# Any goat owners on here?  Advice needed please



## hayinamanger (9 March 2014)

I have recently ventured into goat owning, and somehow have managed to end up with 6.  Some are particularly challenging, I have two with horns and they know how to use them, two others are lovely, very people orientated, you can take them out for a walk, no lead required as they just walk beside you, but then when you leave them, they escape.  I have some pretty heavy duty farm fencing here, but these goats can ping a fence, door, gate from a standstill, truly astonishing but very disappointing.

Do any of you tether or do you rely on electric fencing, if so, how do you set it up?  Do your goats wear collars?

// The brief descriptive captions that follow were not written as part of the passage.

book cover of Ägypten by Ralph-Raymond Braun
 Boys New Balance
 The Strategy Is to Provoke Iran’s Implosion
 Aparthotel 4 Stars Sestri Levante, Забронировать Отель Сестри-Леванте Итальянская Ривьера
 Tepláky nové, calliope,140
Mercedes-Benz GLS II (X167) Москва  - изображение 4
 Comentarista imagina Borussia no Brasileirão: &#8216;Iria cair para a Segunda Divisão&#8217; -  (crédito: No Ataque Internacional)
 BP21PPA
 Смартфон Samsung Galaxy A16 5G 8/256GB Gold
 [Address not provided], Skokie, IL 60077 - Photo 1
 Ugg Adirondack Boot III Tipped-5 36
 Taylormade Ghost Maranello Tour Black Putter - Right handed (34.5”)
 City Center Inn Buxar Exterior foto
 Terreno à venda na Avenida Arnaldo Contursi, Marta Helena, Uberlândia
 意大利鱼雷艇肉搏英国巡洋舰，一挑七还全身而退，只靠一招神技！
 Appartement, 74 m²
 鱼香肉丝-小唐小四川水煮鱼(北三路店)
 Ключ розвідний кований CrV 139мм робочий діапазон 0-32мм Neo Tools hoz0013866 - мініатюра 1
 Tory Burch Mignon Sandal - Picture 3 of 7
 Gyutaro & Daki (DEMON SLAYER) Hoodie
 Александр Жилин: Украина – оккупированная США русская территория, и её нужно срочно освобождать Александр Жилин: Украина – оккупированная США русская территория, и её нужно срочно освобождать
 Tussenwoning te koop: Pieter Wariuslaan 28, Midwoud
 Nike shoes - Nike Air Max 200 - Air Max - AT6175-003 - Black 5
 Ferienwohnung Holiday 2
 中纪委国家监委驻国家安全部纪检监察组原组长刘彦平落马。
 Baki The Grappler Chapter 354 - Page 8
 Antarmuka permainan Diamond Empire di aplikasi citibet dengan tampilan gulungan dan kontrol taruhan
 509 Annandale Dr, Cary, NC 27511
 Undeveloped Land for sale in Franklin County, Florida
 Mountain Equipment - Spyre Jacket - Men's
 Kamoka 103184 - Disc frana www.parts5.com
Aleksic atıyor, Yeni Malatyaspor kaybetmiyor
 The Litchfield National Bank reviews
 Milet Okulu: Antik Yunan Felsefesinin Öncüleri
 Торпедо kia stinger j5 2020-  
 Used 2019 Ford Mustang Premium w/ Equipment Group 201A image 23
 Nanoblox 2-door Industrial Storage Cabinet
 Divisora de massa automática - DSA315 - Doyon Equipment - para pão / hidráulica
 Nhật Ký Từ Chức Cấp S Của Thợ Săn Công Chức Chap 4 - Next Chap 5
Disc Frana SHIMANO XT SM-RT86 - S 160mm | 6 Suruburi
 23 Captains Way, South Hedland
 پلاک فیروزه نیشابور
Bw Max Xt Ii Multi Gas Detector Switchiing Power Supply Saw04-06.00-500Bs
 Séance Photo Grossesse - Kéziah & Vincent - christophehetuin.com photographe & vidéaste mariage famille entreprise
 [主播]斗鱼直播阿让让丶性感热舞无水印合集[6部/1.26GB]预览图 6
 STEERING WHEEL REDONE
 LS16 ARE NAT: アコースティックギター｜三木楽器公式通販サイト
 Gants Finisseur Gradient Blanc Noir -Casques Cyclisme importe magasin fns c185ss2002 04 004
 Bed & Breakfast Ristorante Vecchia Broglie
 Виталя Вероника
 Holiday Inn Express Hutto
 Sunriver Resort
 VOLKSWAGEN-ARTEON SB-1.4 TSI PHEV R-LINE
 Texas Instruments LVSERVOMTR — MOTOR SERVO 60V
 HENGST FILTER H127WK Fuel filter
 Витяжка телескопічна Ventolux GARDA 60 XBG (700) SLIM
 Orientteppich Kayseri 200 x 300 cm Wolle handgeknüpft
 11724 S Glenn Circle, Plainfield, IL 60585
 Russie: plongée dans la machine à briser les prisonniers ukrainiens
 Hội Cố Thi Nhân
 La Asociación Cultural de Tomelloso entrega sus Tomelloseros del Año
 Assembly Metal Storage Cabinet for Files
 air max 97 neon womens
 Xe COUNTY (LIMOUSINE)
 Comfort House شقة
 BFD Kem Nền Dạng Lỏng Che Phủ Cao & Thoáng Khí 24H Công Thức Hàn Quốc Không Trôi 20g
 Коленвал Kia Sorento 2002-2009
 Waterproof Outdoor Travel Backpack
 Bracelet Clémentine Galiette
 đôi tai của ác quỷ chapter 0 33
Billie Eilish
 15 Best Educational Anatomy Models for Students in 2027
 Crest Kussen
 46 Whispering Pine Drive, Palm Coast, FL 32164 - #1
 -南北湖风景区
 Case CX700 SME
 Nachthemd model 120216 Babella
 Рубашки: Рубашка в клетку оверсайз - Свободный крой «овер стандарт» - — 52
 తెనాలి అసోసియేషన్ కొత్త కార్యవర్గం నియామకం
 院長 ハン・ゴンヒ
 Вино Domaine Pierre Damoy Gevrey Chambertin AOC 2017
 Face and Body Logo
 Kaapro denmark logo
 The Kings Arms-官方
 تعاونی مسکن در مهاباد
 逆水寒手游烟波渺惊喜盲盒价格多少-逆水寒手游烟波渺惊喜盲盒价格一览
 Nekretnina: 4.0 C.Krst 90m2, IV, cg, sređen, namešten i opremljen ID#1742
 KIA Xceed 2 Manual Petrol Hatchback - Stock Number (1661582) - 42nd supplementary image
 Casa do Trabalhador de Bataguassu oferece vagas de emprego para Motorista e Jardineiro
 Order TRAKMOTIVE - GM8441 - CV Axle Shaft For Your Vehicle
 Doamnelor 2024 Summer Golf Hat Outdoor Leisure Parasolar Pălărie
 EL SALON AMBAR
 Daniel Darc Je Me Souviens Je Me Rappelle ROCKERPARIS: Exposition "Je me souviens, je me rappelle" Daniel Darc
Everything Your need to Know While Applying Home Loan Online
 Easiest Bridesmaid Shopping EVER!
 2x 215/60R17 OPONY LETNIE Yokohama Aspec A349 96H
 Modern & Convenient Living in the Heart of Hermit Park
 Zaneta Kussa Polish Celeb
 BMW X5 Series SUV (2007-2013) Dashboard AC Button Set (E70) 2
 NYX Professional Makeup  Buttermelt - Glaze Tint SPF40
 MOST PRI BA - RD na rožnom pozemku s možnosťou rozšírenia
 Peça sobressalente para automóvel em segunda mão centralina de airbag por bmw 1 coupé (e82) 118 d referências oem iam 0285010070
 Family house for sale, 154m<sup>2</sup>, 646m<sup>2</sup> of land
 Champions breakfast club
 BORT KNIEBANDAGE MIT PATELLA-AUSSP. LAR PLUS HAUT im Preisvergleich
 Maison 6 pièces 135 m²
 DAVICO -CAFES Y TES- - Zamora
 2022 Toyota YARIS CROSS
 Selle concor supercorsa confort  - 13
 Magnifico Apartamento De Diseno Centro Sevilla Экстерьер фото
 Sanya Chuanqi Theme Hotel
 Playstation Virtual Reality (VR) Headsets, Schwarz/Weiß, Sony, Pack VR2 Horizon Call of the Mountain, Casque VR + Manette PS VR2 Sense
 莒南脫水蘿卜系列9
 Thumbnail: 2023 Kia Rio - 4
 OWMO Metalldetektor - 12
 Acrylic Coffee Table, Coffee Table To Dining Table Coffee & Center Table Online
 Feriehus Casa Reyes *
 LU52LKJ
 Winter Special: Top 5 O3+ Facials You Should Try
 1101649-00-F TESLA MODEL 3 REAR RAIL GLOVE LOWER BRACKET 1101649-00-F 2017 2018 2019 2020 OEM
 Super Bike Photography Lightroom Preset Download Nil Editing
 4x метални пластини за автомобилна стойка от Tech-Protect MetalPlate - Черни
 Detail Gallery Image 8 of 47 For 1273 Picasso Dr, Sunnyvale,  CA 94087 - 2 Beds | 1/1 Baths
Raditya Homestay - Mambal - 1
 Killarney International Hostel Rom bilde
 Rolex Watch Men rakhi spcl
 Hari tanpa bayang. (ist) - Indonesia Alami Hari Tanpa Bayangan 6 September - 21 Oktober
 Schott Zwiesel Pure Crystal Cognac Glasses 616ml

I have kept sheep and cattle for many years, but these goats have me feeling like a complete novice


----------



## Pamfyson (9 March 2014)

What kind of goats are they?  The houdini types are more often, ime, pygmy sorts.  I've never seen anything jump like they do!!! I would never keep a horned goat.  As you point out they know how to use them and even if they are gentle accidents will and do happen. I found that fencing had to be Fort Knox variety!  I had post and rail fencing backed up with sheep hurdles and electric fencing!!  Mine always knew when the fence was off.  Fences and gates were all 5 feet high.  An electric wire about 2 foot off the gate and fence keeps them in as they can't get close enough to jump over.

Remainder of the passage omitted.